╔══

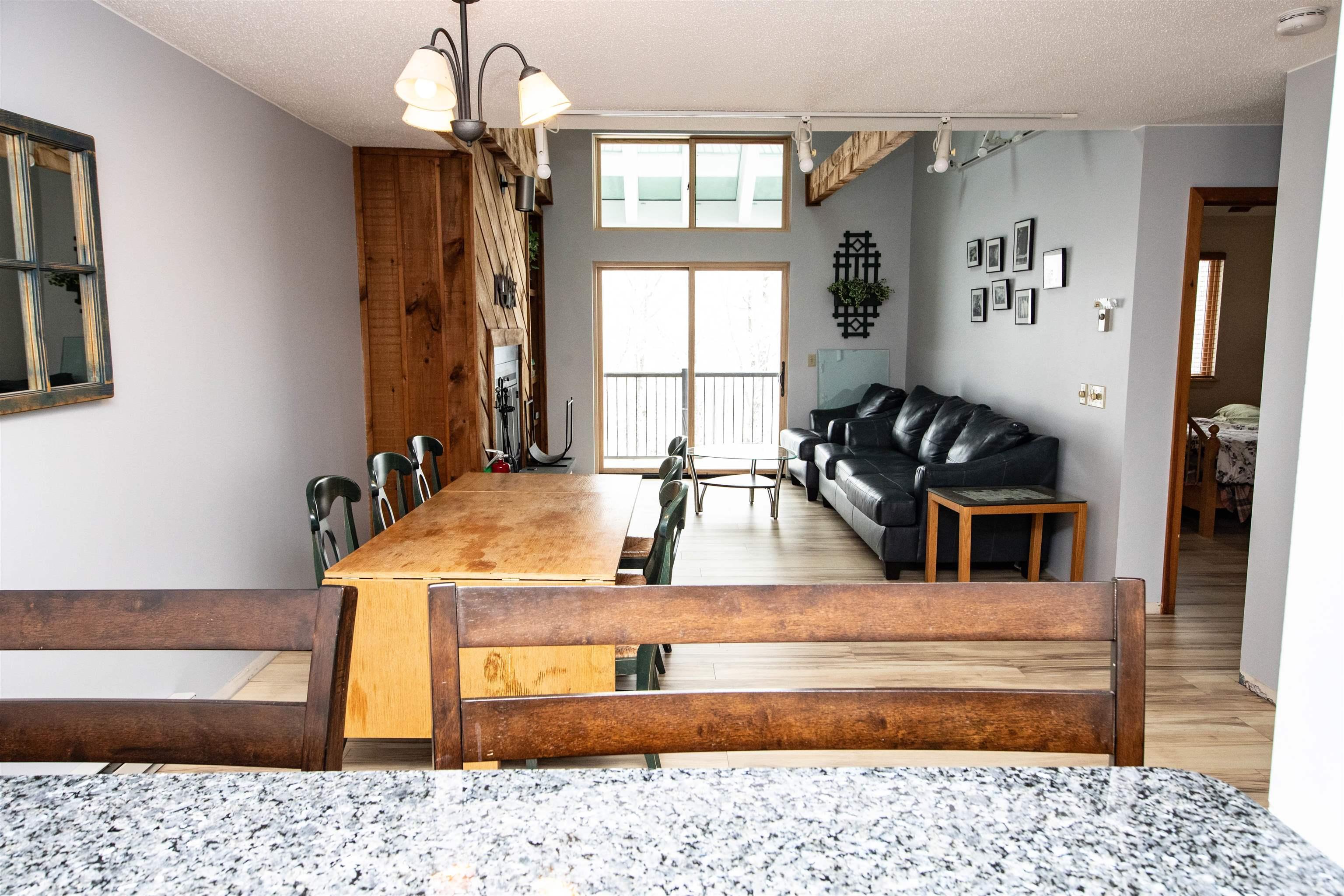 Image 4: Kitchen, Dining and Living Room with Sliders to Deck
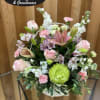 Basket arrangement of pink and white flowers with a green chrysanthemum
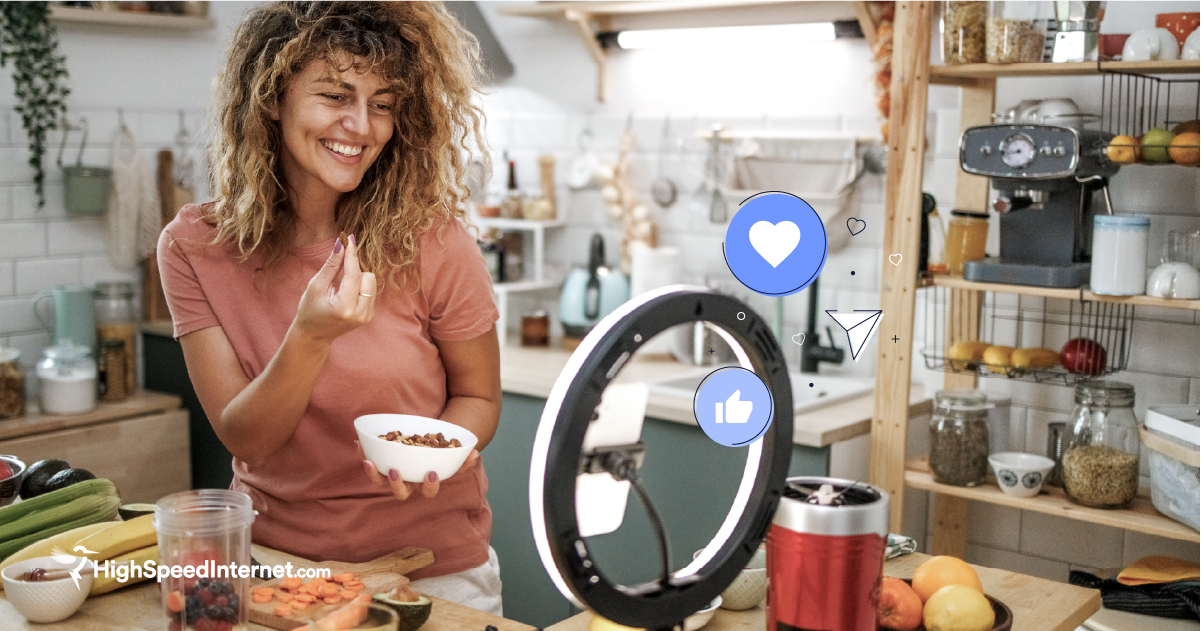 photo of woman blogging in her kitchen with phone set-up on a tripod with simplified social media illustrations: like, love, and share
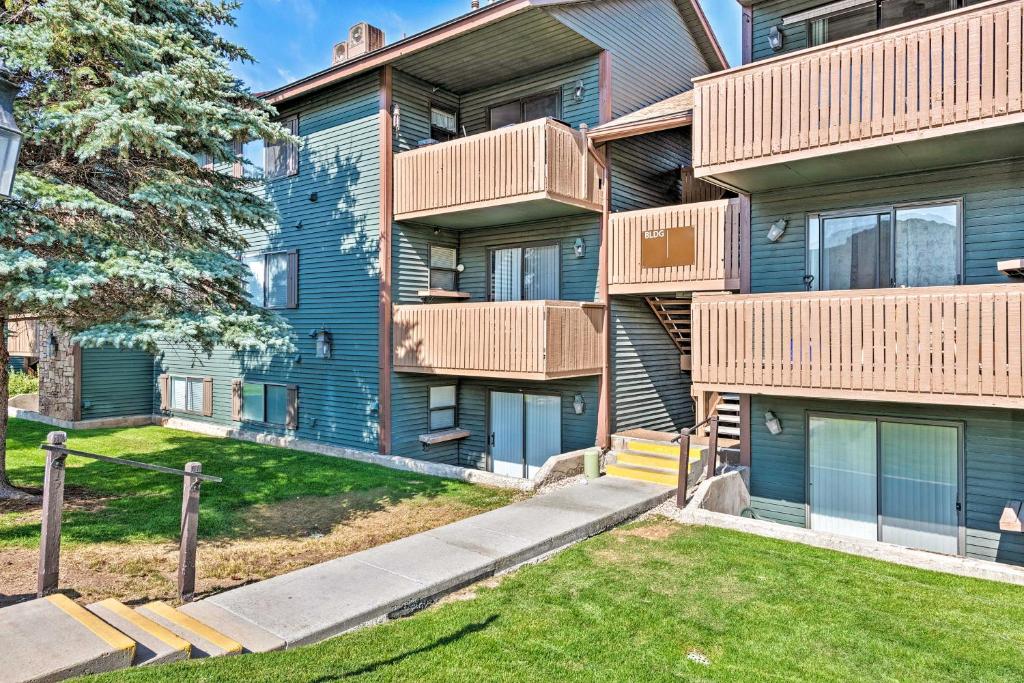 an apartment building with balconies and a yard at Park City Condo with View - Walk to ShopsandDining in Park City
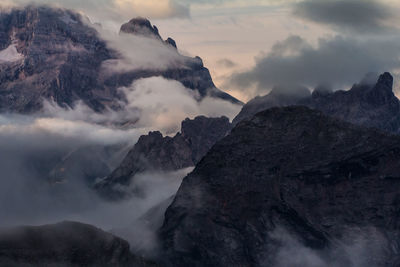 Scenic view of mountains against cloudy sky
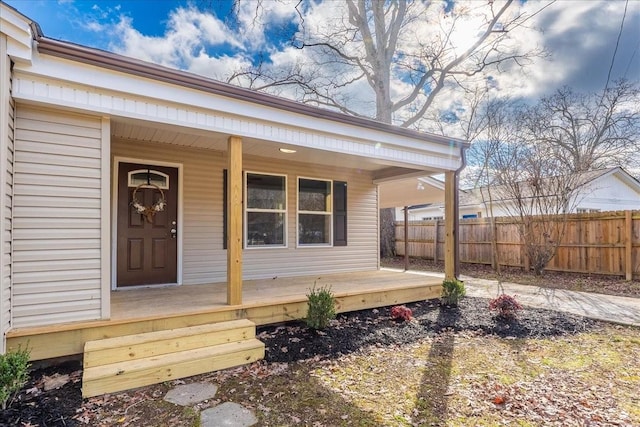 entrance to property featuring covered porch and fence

╚══
╔══

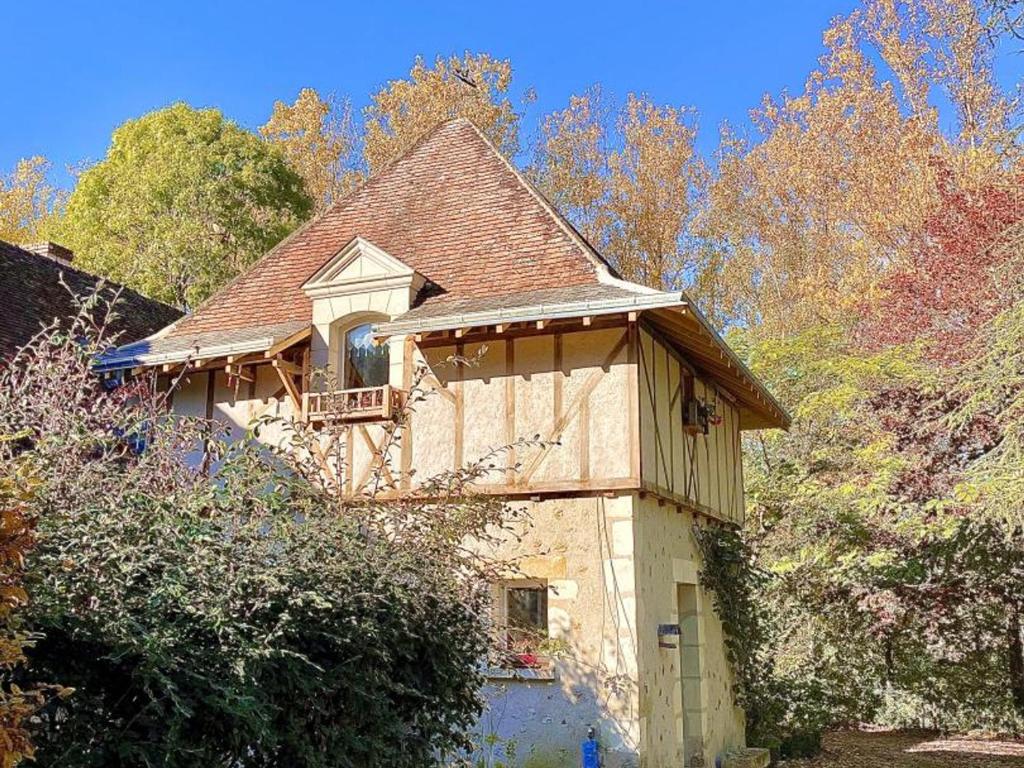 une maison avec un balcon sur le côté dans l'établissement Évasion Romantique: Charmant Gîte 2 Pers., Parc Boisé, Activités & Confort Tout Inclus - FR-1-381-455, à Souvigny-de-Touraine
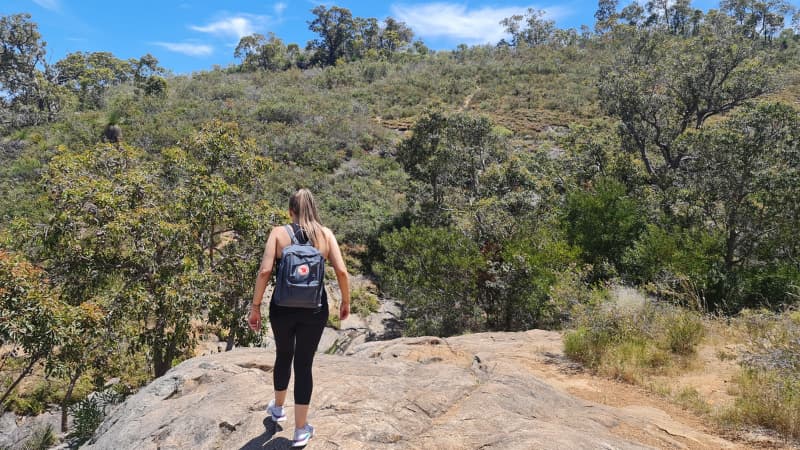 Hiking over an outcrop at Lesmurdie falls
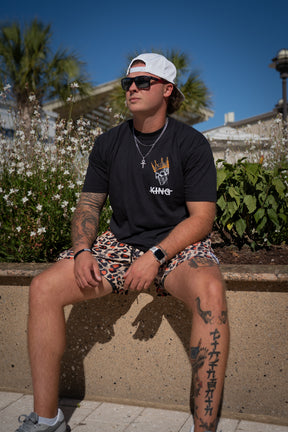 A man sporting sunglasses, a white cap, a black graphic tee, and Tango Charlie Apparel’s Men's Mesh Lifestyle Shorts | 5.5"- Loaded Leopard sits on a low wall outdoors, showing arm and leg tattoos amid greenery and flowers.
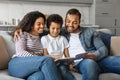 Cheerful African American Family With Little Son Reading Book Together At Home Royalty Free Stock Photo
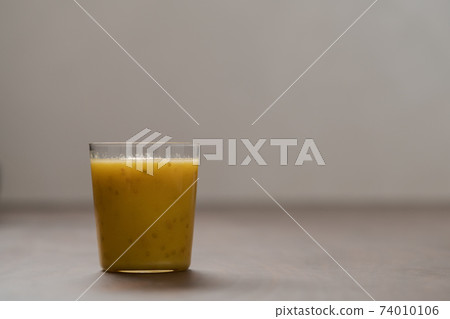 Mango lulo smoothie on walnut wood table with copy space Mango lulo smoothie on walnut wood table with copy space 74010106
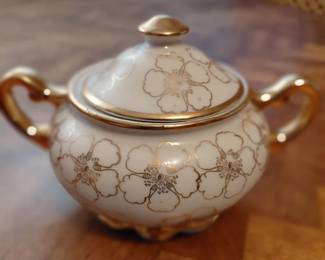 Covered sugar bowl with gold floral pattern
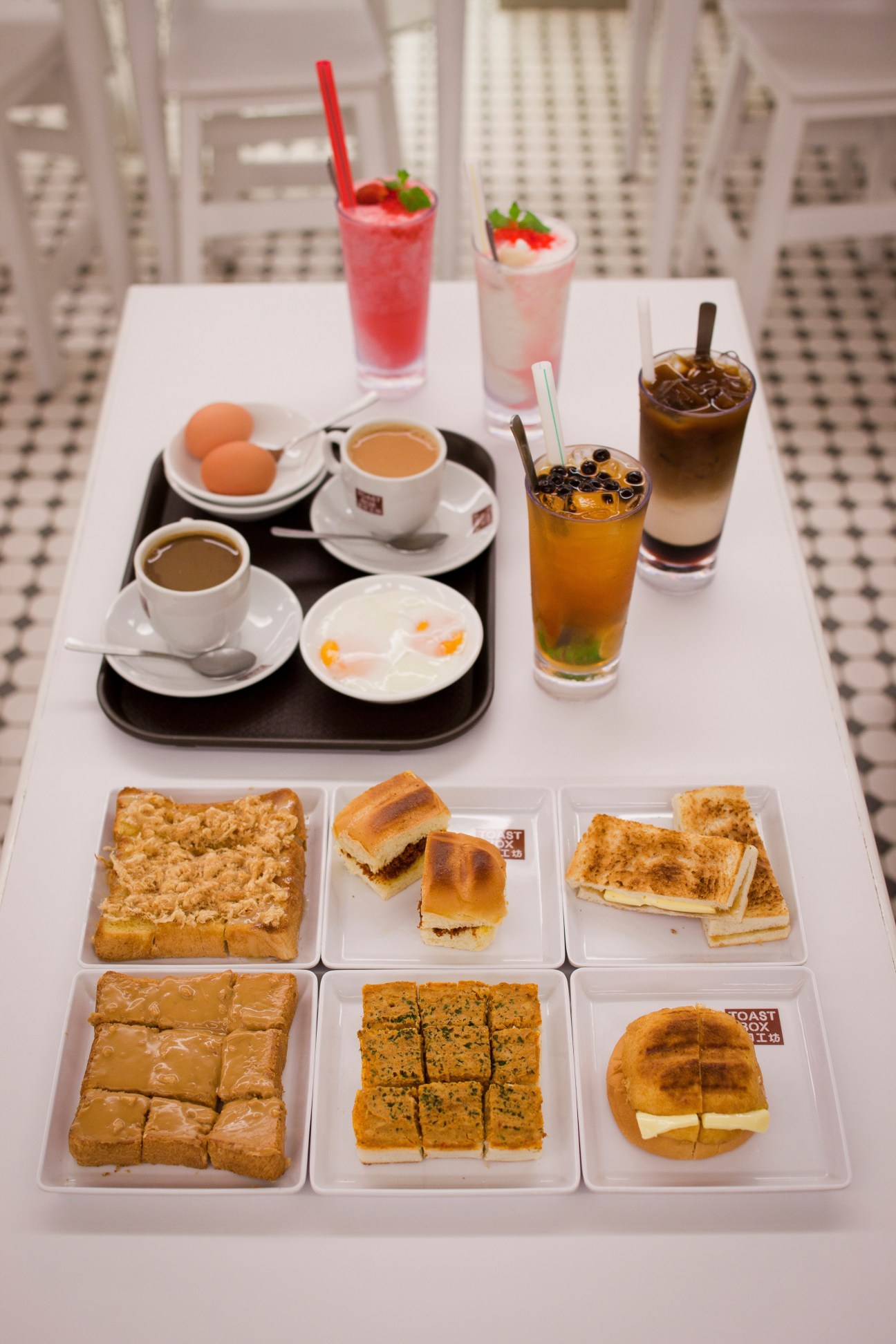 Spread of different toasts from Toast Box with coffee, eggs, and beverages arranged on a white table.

╚══

Task statement
Your answer is the exact run of lines above from the one with "Image 4: Kitchen, Dining" through the one with "entrance to property", both ends included, minus any picture.

Reply to the exercise
 Image 4: Kitchen, Dining and Living Room with Sliders to Deck
 Basket arrangement of pink and white flowers with a green chrysanthemum
 photo of woman blogging in her kitchen with phone set-up on a tripod with simplified social media illustrations: like, love, and share
 an apartment building with balconies and a yard at Park City Condo with View - Walk to ShopsandDining in Park City
 Scenic view of mountains against cloudy sky
 entrance to property featuring covered porch and fence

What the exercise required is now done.